US Government debt levels have risen above $21 trillion for the first time yesterday, standing now significantly higher than the yearly tax receipts income of around $3.27 trillion, half a trillion of which goes towards debt interest payments.

The borrowing rate is increasing at an accelerating speed. It used to be half a trillion a year, it now stands at $1 trillion every six months.

Current government debt levels.

As government spending is far higher than its income, it keeps borrowing at higher levels each year, otherwise called the deficit.

As such, it first needs to close that gap, before starting to repay the capital itself, with projections for both continuing to be pushed forwards every year.

To concertize it, if we compare government income to an average wage of $30,000 a year, the US government owes 7 times its income, standing at $210,000.

On top, it is spending around $40,00 a year, thus is growing that debt by around $10,000 each year, now accelerating it to $10,000 every six months.

For an average family, that $210,000 would be a mortgage, but what house the US government is buying is unclear. There is a hint however:

US Government Debt Historical

Government debt levels were pretty stable prior to the 2008 banking collapse. They gradually grew since the 50s, but at a far slower pace than tax income grew.

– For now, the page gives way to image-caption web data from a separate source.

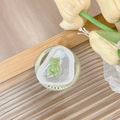 Nahaufnahme einer grünen Bären-Handyhalterung auf Glastisch mit Tulpen im Hintergrund - Magnetischer Stil (Grün)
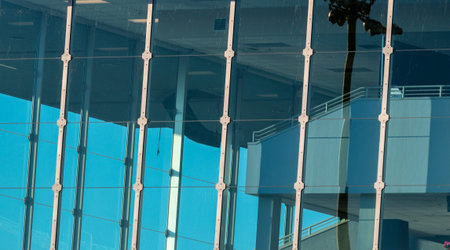 Abstract building window glass with blue sky and reflection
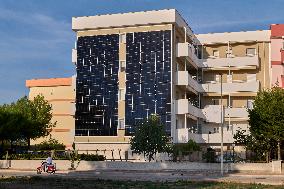 Photovoltaic Facade On Residential Building In Margherita Di Savoia, Italy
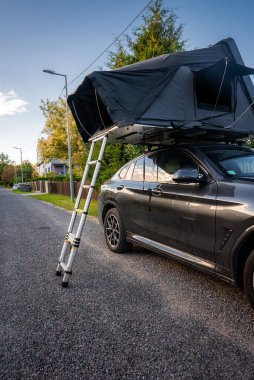 Sessiz bir banliyö caddesinde koyu gri lüks SUV parkları, alüminyum merdivenli çatı üstü çadırı. Sıcak alçak güneş ve geniş açı, yakınlardaki modern evleri ve boyutu vurguluyor..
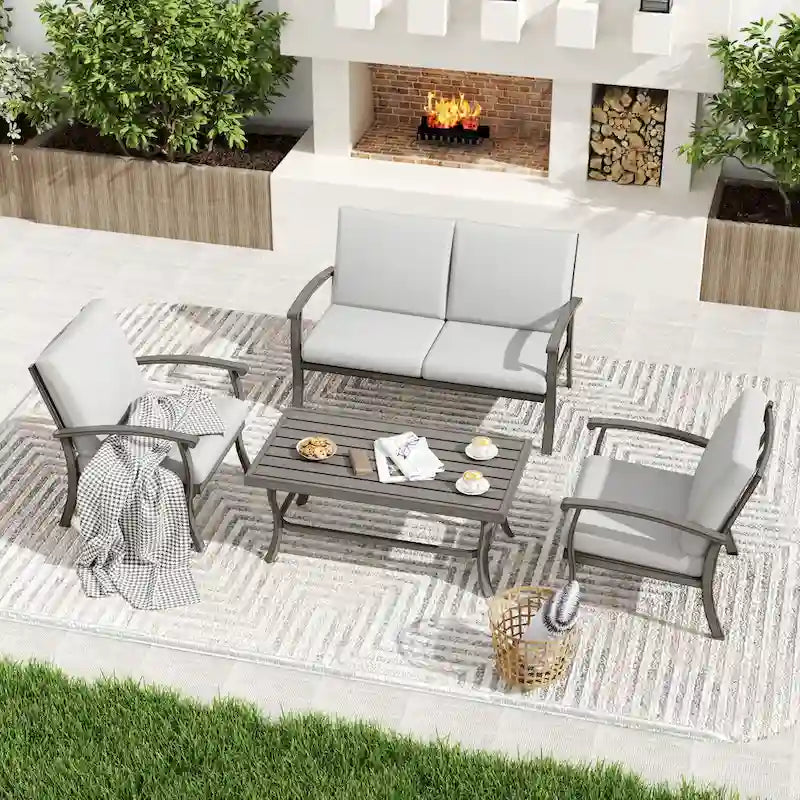 Ensemble de conversation en aluminium 4 places pour patio avec table basse, causeuse et coussins gris clair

As can be seen above, it took five years for government debt to rise by one trillion between 2000 and 2005, despite that period seeing the dotcom crash, the horrible events of 2001 and the launching of two wars.

Then, around 2008, government debt levels double. They continue to quickly grow, and have now more than doubled since then.

Making the above projected estimates very wrong. They projected in 2016 the gap between income and spending would close by 2027, but not turn into a surplus – that is more income than spending – until after that.

That’s clearly not the case as government debt is some $7 trillion higher now than it was projected only two years ago. Raising questions regarding the basis of such projections.

Around 50% of this debt is foreign governments, banks and funds lending to the United States government through bond markets. Showing some high degree of trust considering 7x income debt levels.

But that trust can always swing, and more importantly, taxpayers are effectively burning half a trillion a year in debt interest, now nearing a trillion. A third of all tax income. So giving it to banks and government funds and rich billionaires that hold these bonds.

And doing so for decades to come, because there seems to be no end in sight to this constant evergrowing borrowing bubble.